The NAACCR format uses similar schemes for a lot of fields, and the `naaccr`
package includes functions to help translate them.

`naaccr_boolean` translates "yes/no" fields. By default, it assumes `"0"` stands
for "no", and `"1"` stands for "yes."

```{r naaccrBoolean}
naaccr_boolean(c("0", "1", "2"))
```

Some fields use `"1"` for `FALSE` and `"2"` for `TRUE`. Use the `false_value`
parameter to work with these.

```{r falseValue}
naaccr_boolean(c("0", "1", "2"), false_value = "1")
```

#### Categorical fields

The `naaccr_factor` function translates values using a specific field's category
codes.

```{r naaccrFactor}
naaccr_factor(c("01", "31", "65"), "primaryPayerAtDx")
```

Some fields have multiple codes explaining why an actual value isn't known.
By default, they'll all be converted to `NA` so they can propagate that information in R.
But the reasons can be useful, so `naaccr_factor` and `naaccr_record` both have
a `keep_unknown` parameter.

```{r keepUnknown}
naaccr_factor(c("1", "9"), field = "sex")
naaccr_factor(c("1", "9"), field = "sex", keep_unknown = TRUE)
naaccr_record(sex = c("1", "9"), race1 = c("01", "99"), keep_unknown = TRUE)
```

#### Numeric with special missing

Some fields contain primarily continuous or count data but also use special
codes. One name for this type of code is a "sentinel value." The
`split_sentineled` function splits these fields in two.

```{r naaccrSentineled}
rnp <- split_sentineled(c(10, 20, 90, 95, 99, NA), "regionalNodesPositive")
rnp
```

## Building

```{r needForBuild}
library(devtools)

deps <- packageDescription("naaccr", fields = c("Depends", "Imports", "Suggests"))
deps <- Filter(function(x) any(!is.na(x)), deps)
dep_names <- lapply(deps, function(x) devtools::parse_deps(x)[["name"]])
dep_names <- sort(unlist(dep_names))
dep_list <- paste0("- `", dep_names, "`", collapse = "\n")
```

To build the `naaccr` package, you'll need the following R packages:

`r dep_list`

To document, build, and test the package, run the `build.R` script with the
package's root as the working directory.

## Project files

First, know this project fills two roles:

1.  Creating a package to work with NAACCR data in R.
2.  Collecting the data needed to process NAACCR files in plain-text and
    machine-readable formats.

```
naaccr/
├ R/                  # R files to create the package objects
├ data-raw/           # Plain-text data files and scripts for processing them
│ ├ code-labels/      # Mappings of codes to understandable labels
│ ├ sentinel-labels/  # Mappings of sentinel values to understandable labels
│ └ record-formats/   # Tables defining each NAACCR file format
├ external/           # Downloaded files and scripts to create files in `data-raw`
├ inst/
│ └ extdata/          # Data files for examples in the documentation
└ tests/              # tests and data using the `testthat` package
```

Files in `external` only need to be updated or run when NAACCR publishes a new
or revised format. In that case, refer to the comments in the `.R` scripts in
that directory for where to download the new files.

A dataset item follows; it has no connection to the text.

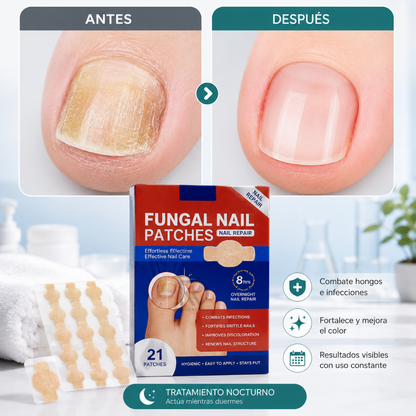 NailPure™ - Recupera el aspecto natural de tus uñas.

Think of these scripts as handy tools for generating `data-raw` files.
Some cleaning of their output may be required.

To run `create-record-format-files.R`, you'll need to create an account for the
[SEER API](https://api.seer.cancer.gov/) from the National Cancer Institute's
Surveillance, Epidemiology and End Results (SEER) program.
Store the API key as an environment variable named `SEER_API_KEY`.